The concerns come after Loughborough university revealed 36 per cent of London bus drivers had had a ‘close call’ due to fatigue in the past 12 months and one in six drivers had reported falling asleep at the wheel. The report, published 29 August, said that consecutive long shifts and a reluctance among drivers to report fatigue related near misses for fear of disciplinary action is increasing risk on the roads.
The European Transport Workers Federation spoke in support of Unite, in a statement saying: “UK government errors in managing Brexit must not be passed over to professional drivers, an underpaid, fatigued category of workers who constantly have to battle health issues generated by the poor rest and working conditions.”
“Limits imposed to driving time are the only means – although hugely insufficient – to ensure some sort of safety on European roads. We are ready to take action to ensure that UK drivers do not pay the Brexit bill with their own health and lives!”

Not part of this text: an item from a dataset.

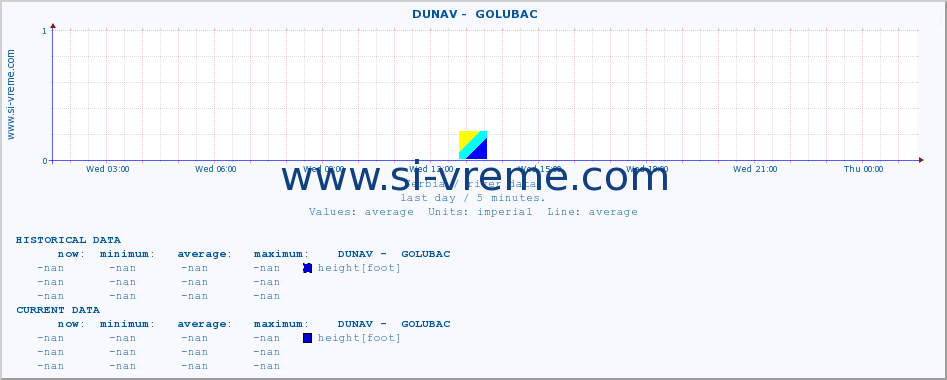  ::  DUNAV -  GOLUBAC :: height |  |  :: last day / 5 minutes.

According to government ‘Operation Yellowhammer’ files, leaked last month to the Sunday Times, there will be at least a three-month “meltdown” at ports in the event of no deal. The Road Haulage Association commented: “There will be very substantial queues at the border.”
European Union (Withdrawal) Act 2018 will convert all EU employment law as it stands before Brexit into UK law in the event of a no-deal Brexit.
However, a no deal Brexit could make it harder for workers to enforce their rights which could also be stripped back or removed in future.
Nicola Smith, head of equality and strategy at the TUC said: “The Prime Minister himself has repeatedly expressed his opposition to working time protections and his newly-promoted colleagues share his de-regulated, free-market vision for the future.
“A no deal Brexit would give them a free rein to strip working people of the rights and protections that we need and deserve.”
By Belinda Liversedge on 26 July 2021
93 per cent of firms plan to adopt hybrid working models, according to a Confederation of British Industry (CBI) report.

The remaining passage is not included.